Com a nova legislação, a doula é reconhecida como a profissional que oferece apoio físico, emocional e informacional. Esse suporte deve ocorrer durante todo o ciclo gravídico-puerperal, visando o bem-estar da mãe e do bebê.
Requisitos para o exercício da profissão de doula
Para atuar na área, a legislação exige que a pessoa possua diploma de ensino médio completo. Além disso, é necessário concluir um curso de qualificação profissional específica em doulagem.
A partir da vigência desta lei, esses cursos devem ter uma carga horária mínima de 120 horas. Diplomas expedidos por instituições estrangeiras também são aceitos, desde que revalidados em território brasileiro.
Quem já exercia a atividade há mais de três anos na data da publicação da lei tem o seu direito ao exercício garantido. A medida traz segurança jurídica para as profissionais que já atuavam no mercado de saúde.
Direitos garantidos em maternidades públicas e privadas
Um dos pontos centrais da lei é a garantia da presença da doula em hospitais e maternidades. O texto assegura que ela possa acompanhar a gestante durante o trabalho de parto e o pós-parto imediato.
Essa presença é um direito da gestante e não exclui a participação de um acompanhante de livre escolha. Os estabelecimentos de saúde estão proibidos de cobrar taxas extras pela entrada da profissional.
É importante destacar que a presença da doula não cria vínculo empregatício com o hospital. Ela atua como parte da equipe multidisciplinar, mas de forma independente ou contratada diretamente pela família.
Leia também: OMS e Anvisa reforçam: não há relação entre paracetamol e autismo na gravidez
O que a doula pode e não pode fazer no parto
As atribuições da profissional são focadas no conforto e na orientação. Elas podem sugerir posições, realizar massagens, aplicar compressas mornas e ensinar técnicas de respiração e vocalização para o alívio da dor.
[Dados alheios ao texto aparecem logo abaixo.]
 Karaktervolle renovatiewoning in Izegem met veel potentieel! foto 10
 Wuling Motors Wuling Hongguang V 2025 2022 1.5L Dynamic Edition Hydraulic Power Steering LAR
No entanto, a lei estabelece limites rigorosos para garantir a segurança clínica. É expressamente vedado às doulas o manuseio de equipamentos médicos ou a realização de procedimentos de enfermagem e fisioterapia.
Elas não podem administrar medicamentos nem interferir nas decisões técnicas da equipe médica. O papel da doula é complementar, oferecendo suporte humano enquanto médicos e enfermeiros cuidam da parte clínica.
Benefícios da doulagem para a saúde da mulher
Estudos indicam que o suporte contínuo oferecido por essas profissionais traz resultados positivos. Entre os benefícios estão o aumento das chances de parto normal e a redução no tempo de trabalho de parto.
Além disso, a atuação da doula ajuda a diminuir o risco de depressão pós-parto e estresse. Ela fortalece o vínculo entre a mãe e o recém-nascido, auxiliando também nos primeiros passos da amamentação.
A regulamentação da profissão de doula integra essas especialistas às redes de atenção à saúde. Isso reforça o compromisso do país com o parto humanizado e com o respeito às escolhas informadas das mulheres.